An ad-hoc solution would be to record for each hash map where the first entry is in the backing array. This feels like a band-aid though. What if users want to repeatedly remove the last entry using a set as a sort of deduplicating stack (or LIFO)? The hateful quadratic hash map problem would be back. What if they want to repeatedly remove the second entry in the set? One thing I learned on V8 is that it’s hard to predict what your users will do with a programming language implementation you have built.
And we built Toit to work on tiny devices. Do we really want to spend an extra word per hash map to record the number of leading tombstones? The solution we came up with was tombstones with distance markers. Each tombstone additionally records the distance to the next real entry, either on the left or the right. We update this lazily when scanning through the backing, so it doesn’t cost any time on other operations, but it lets us skip long stretches of tombstones wherever they appear.
For the common case where there are no deletions, or the deletions are randomly distributed, nothing changes, but for the problematic cases we retain the desirable property of amortized constant time insertion and deletion.
Testing Languages for this Bug
I wrote a tiny program to test whether language implementations have quadratic slowdowns when using a set as a FIFO. I’m only testing languages that have an insertion-ordered set. For JavaScript I’m using the new(ish) Set, rather than abusing ordinary objects as hash maps.
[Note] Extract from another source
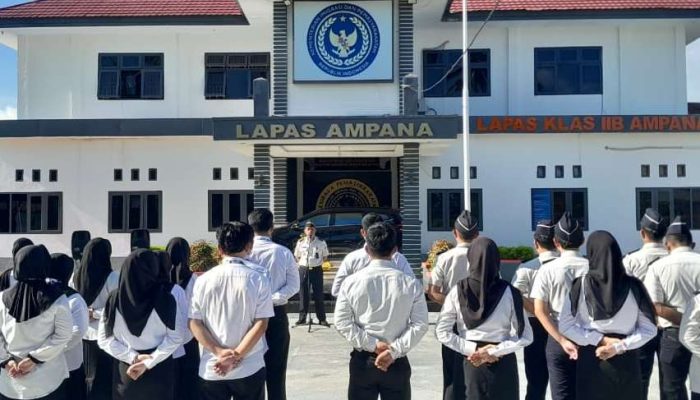 Melalui Apel Pagi, Plt. Kalapas Ampana Perkuat Komitmen Disiplin dan Integritas Seluruh Pegawai serta Pemeriksaan Kerapian Atribut Dinas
In Java I used LinkedHashMap, which has a completely different internal representation. I suspect LinkedHashMap of being fairly profligate in memory use (I’ll be blogging about this issue soon), but it’s the fastest insertion ordered set I tested, especially when the adaptive JIT kicks in.
So here, for your enjoyment, is the graph for various languages. Currently, all the compact-dictionary-based implementations (except Toit) have this issue. Hopefully, this blog post will inspire the implementers to fix it.